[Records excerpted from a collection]
===

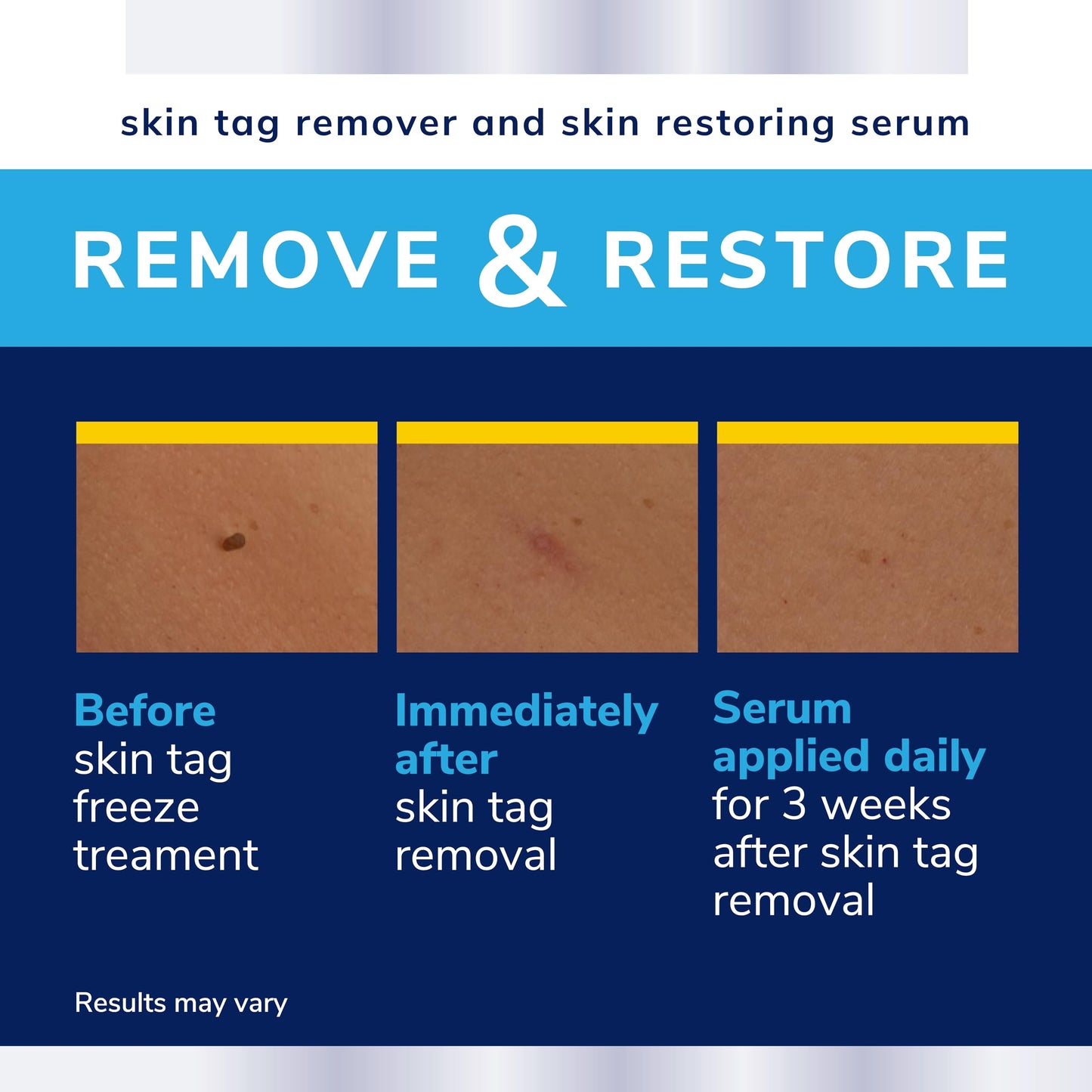Dr. Scholl's Complete Care Skin Tag Remover Kit, 12 ct – Removes Skin Tags in As Little As 1 Treatment, FDA-Cleared & Clinically Proven, Permanent Results, Plus Serum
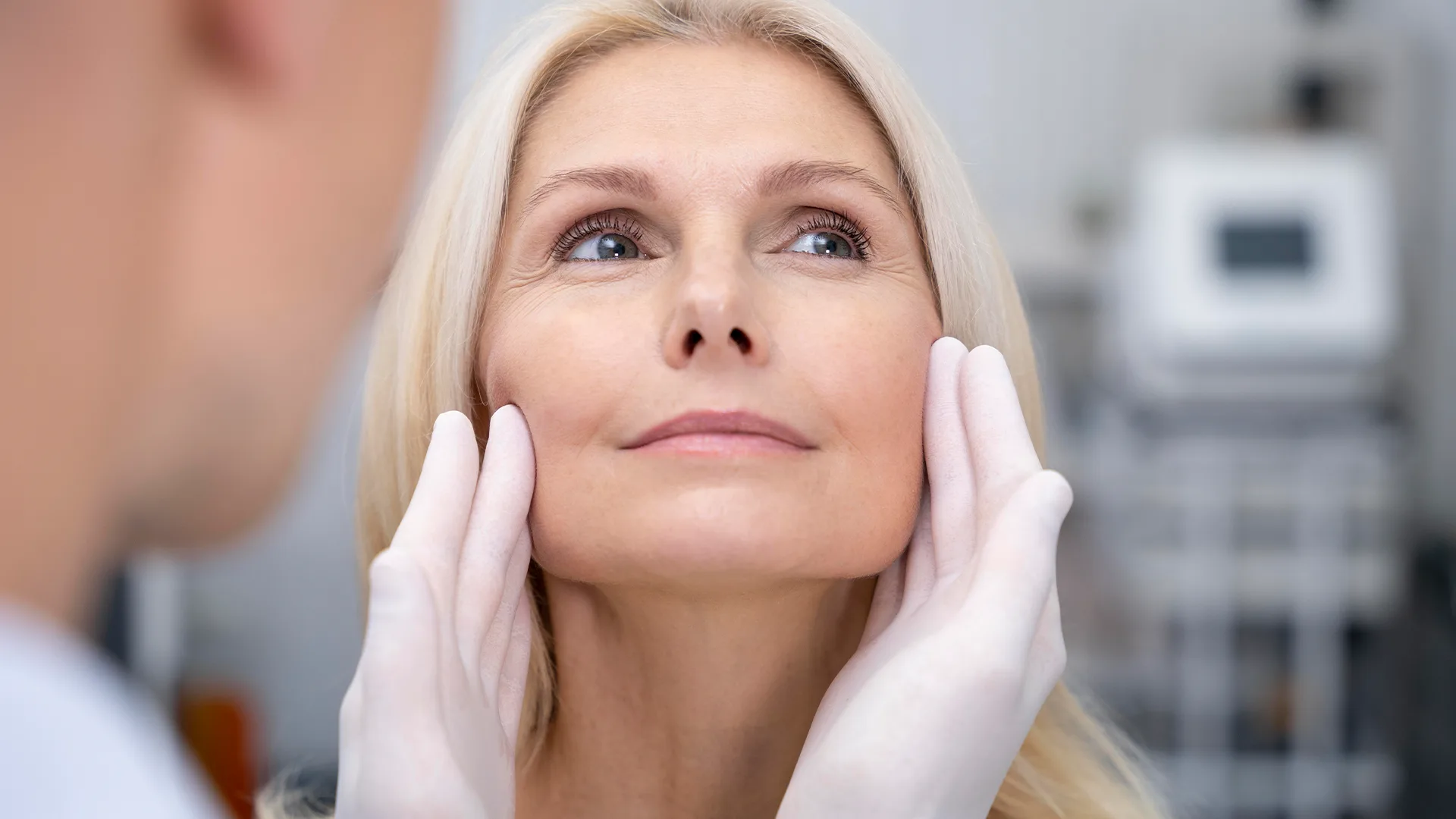 face-lift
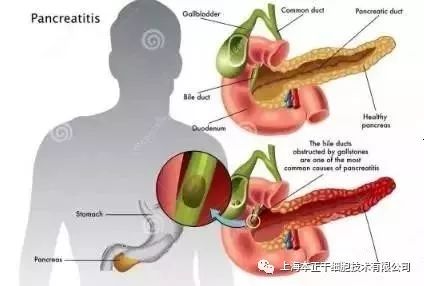 胰腺健康新篇章：全新急性胰腺炎分型引领治疗新潮流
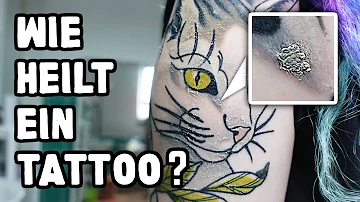 Was kann man gegen vernarbte Tattoos machen?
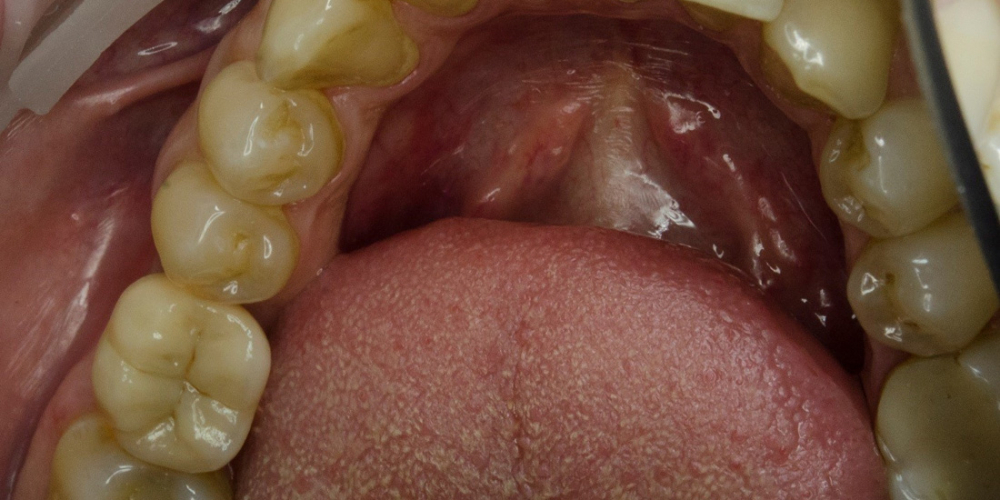 Имплантация Альфа Био одного зуба + металлокерамическая коронка - фото №2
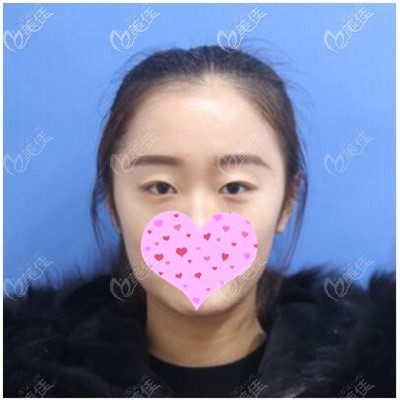 双眼皮手术前 双眼皮手术前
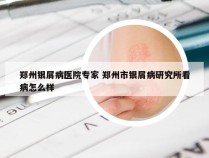 郑州银屑病医院专家 郑州市银屑病研究所看病怎么样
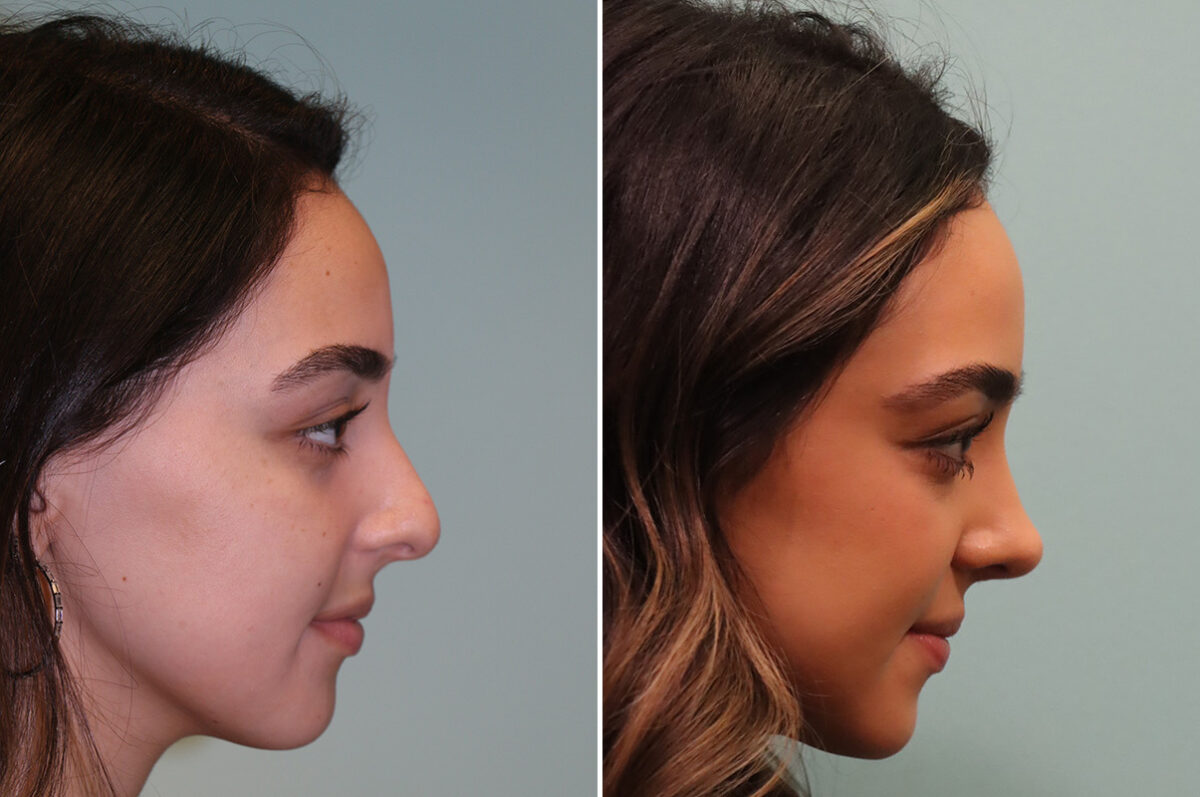Before and after Rhinoplasty by Dr. Shervin Naderi, Patient 42922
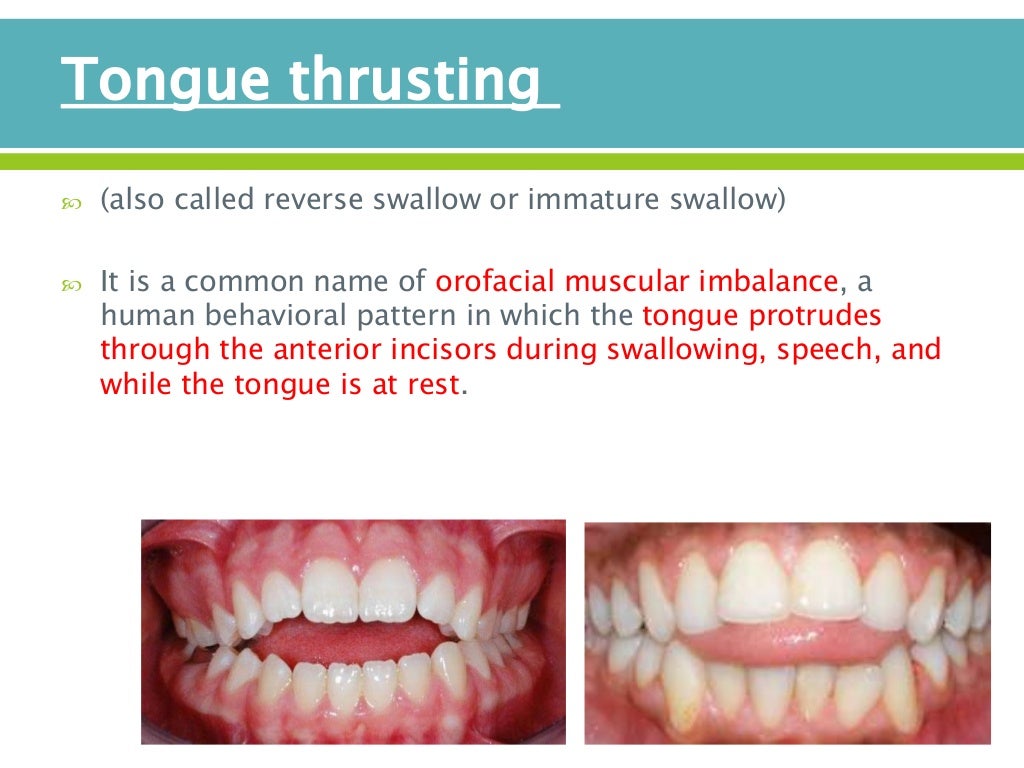 Oral habits & habits breaking appliances + night guard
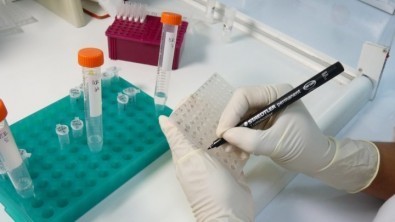 Pesquisadores da USP isolam variante ômicron do SARS-CoV-2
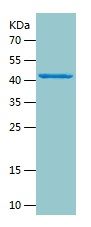 Recombinant Human ATP2A1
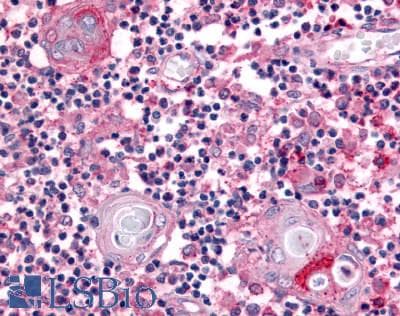IHC-plus™ USP4 Antibody (Internal)
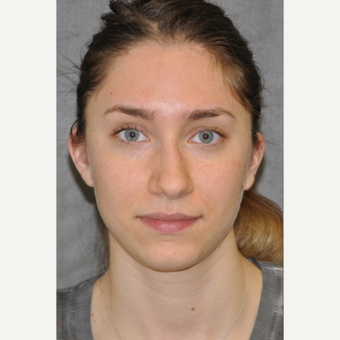 25-34 year old woman treated with Rhinoplasty before 3566003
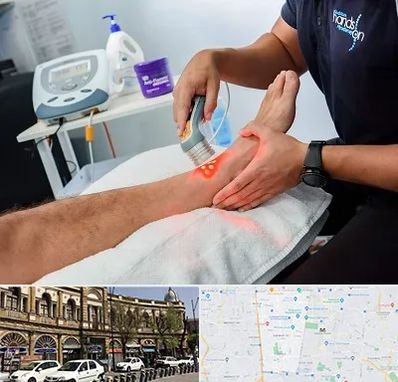 لیزر تراپی در منطقه 11 تهران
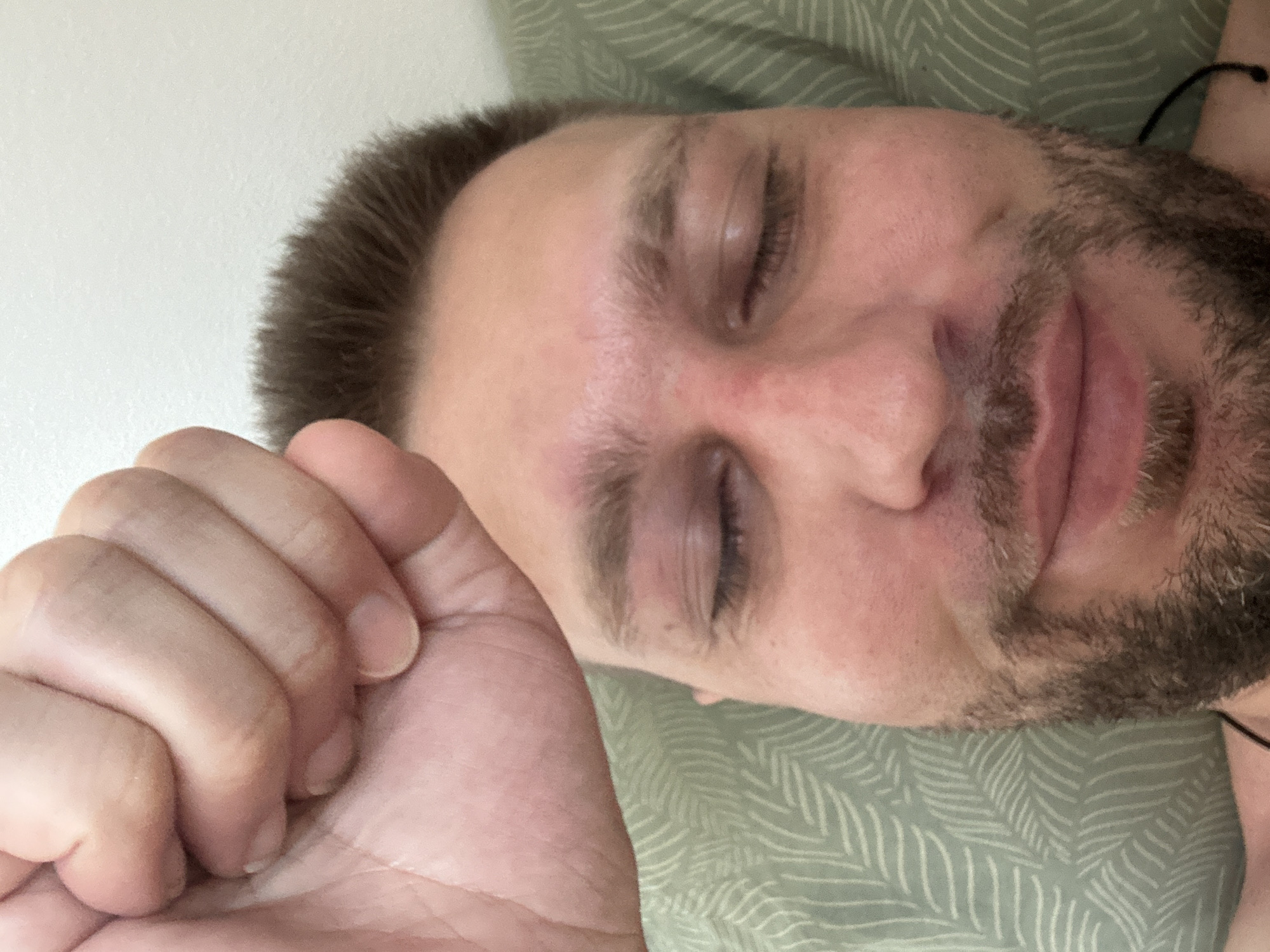 The image is a close-up, low-angle shot of a person lying down, with their head and a clenched fist in the foreground. The person has short brown hair, light-colored eyebrows, and closed eyelids. Their skin appears flushed, particularly on the forehead and cheeks. A beard is visible on the lower face. The person is lying on a pillow with a green, patterned fabric. The background is a plain, light-colored surface, likely a wall or ceiling. The context of Zvezdara Urban Municipality, Serbia, is not visually apparent in the image.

===

_ACTIVITY:_
Only the lines from the start of the records through the line containing "لیزر تراپی در منطقه 11 تهران" should be repeated, word for word, with the pictures left out.

_RESPONSE TO THE TASK:_
Dr. Scholl's Complete Care Skin Tag Remover Kit, 12 ct – Removes Skin Tags in As Little As 1 Treatment, FDA-Cleared & Clinically Proven, Permanent Results, Plus Serum
 face-lift
 胰腺健康新篇章：全新急性胰腺炎分型引领治疗新潮流
 Was kann man gegen vernarbte Tattoos machen?
 Имплантация Альфа Био одного зуба + металлокерамическая коронка - фото №2
 双眼皮手术前 双眼皮手术前
 郑州银屑病医院专家 郑州市银屑病研究所看病怎么样
Before and after Rhinoplasty by Dr. Shervin Naderi, Patient 42922
 Oral habits & habits breaking appliances + night guard
 Pesquisadores da USP isolam variante ômicron do SARS-CoV-2
 Recombinant Human ATP2A1
IHC-plus™ USP4 Antibody (Internal)
 25-34 year old woman treated with Rhinoplasty before 3566003
 لیزر تراپی در منطقه 11 تهران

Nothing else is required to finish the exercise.